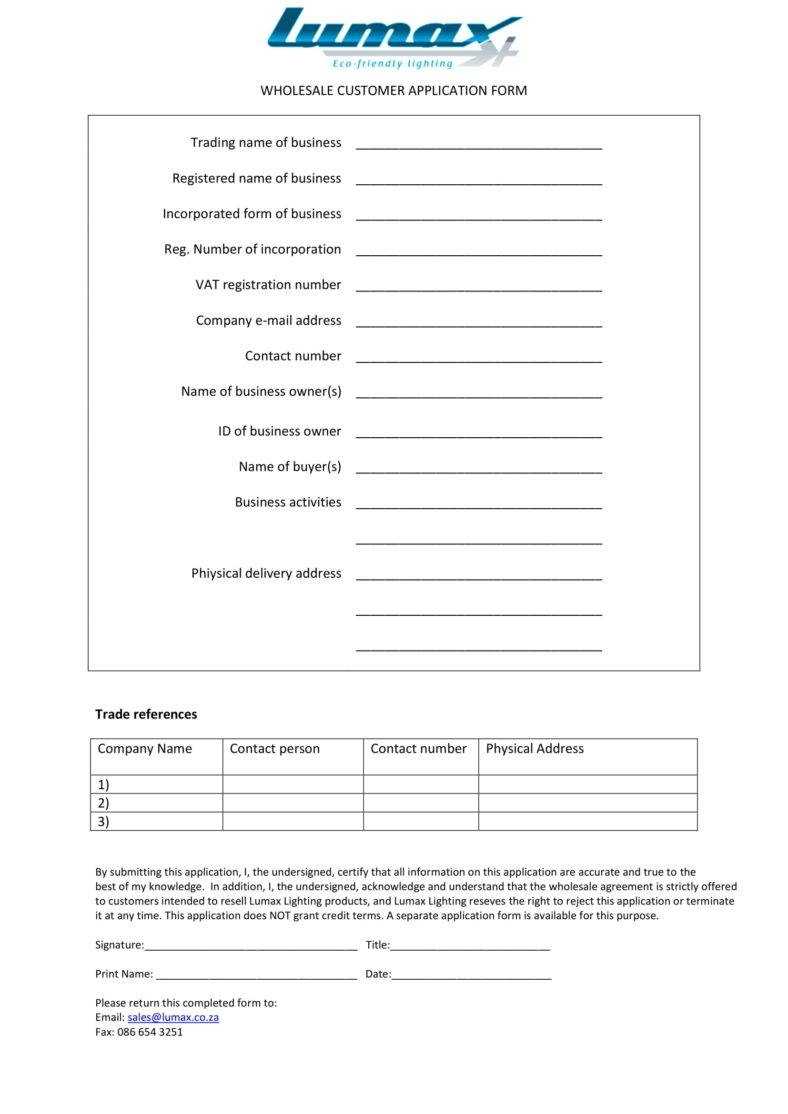 4+ Wholesale Application Form Templates – Pdf | Free For Enquiry Form Template Word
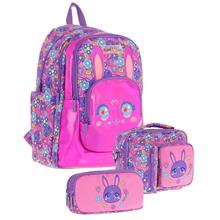 Kaukko Kids Tavşan Şekilli (Mor Pembe) Kız Çocuk Üçlü İlkokul Okul Çantası Seti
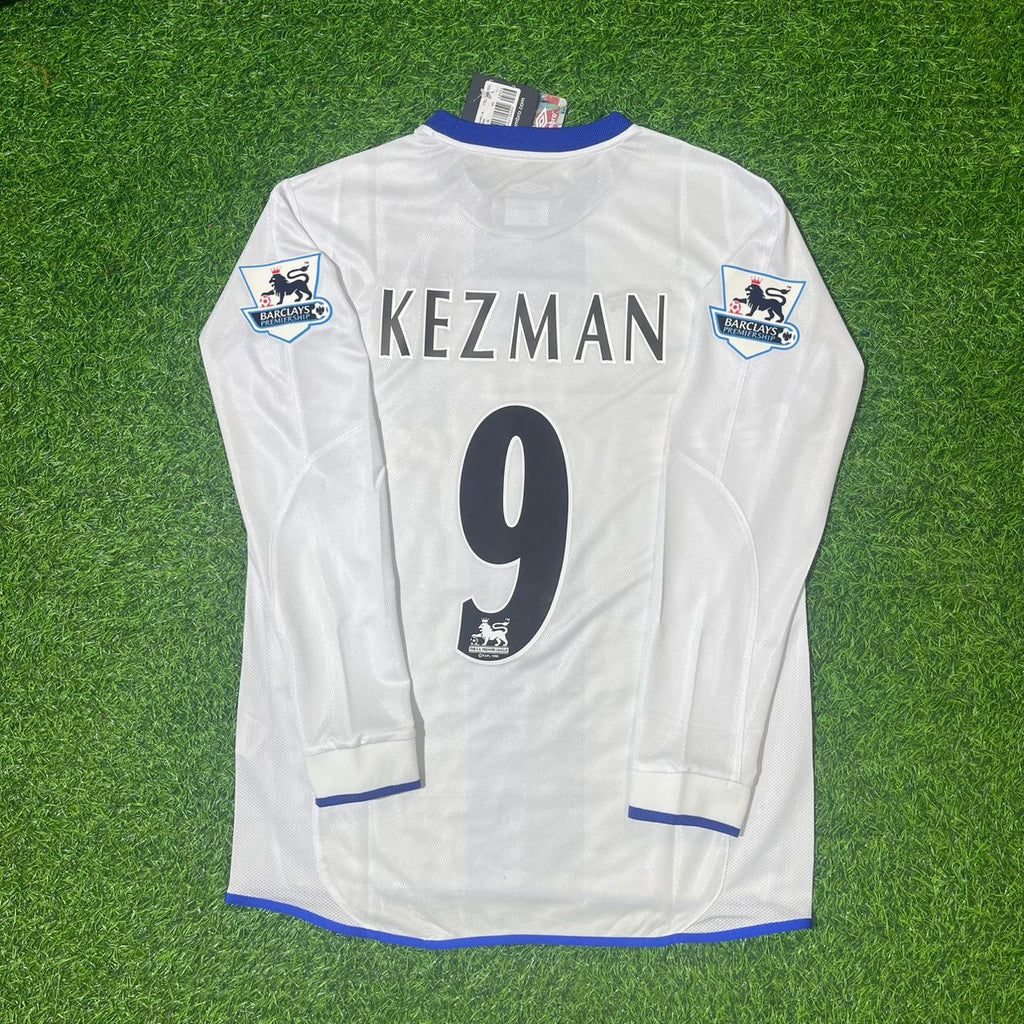 2004 Mateja Kezman 9 Chelsea Away Retro White Long Sleeve Football Jersey – Back View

+++++

# What the task requires
An exact reproduction of the data above is required, with every picture removed.

# Answer box
 4+ Wholesale Application Form Templates – Pdf | Free For Enquiry Form Template Word
 Kaukko Kids Tavşan Şekilli (Mor Pembe) Kız Çocuk Üçlü İlkokul Okul Çantası Seti
 2004 Mateja Kezman 9 Chelsea Away Retro White Long Sleeve Football Jersey – Back View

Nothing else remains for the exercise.